* [Task prompt] The data below holds the lines to copy: everything from the line containing "Чоловічий наручний годинник" to the line containing "Vector low-poly spectral", both ends included, set down exactly.

* [Records for the exercise]
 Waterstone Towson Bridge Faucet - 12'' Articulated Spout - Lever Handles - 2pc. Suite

==

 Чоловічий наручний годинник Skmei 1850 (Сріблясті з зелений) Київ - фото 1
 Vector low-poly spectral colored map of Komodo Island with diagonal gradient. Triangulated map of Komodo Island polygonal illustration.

--

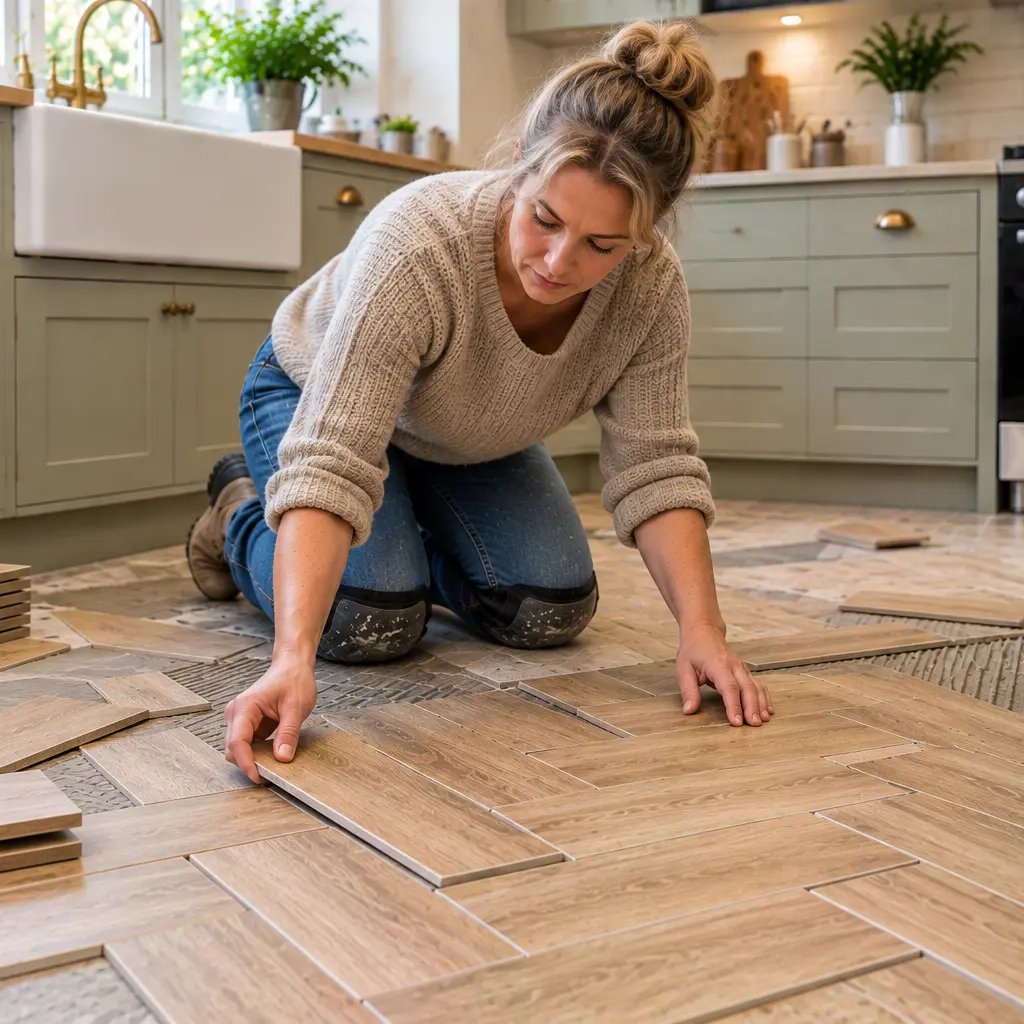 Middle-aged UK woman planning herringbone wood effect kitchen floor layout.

* [Solution for this exercise]
 Чоловічий наручний годинник Skmei 1850 (Сріблясті з зелений) Київ - фото 1
 Vector low-poly spectral colored map of Komodo Island with diagonal gradient. Triangulated map of Komodo Island polygonal illustration.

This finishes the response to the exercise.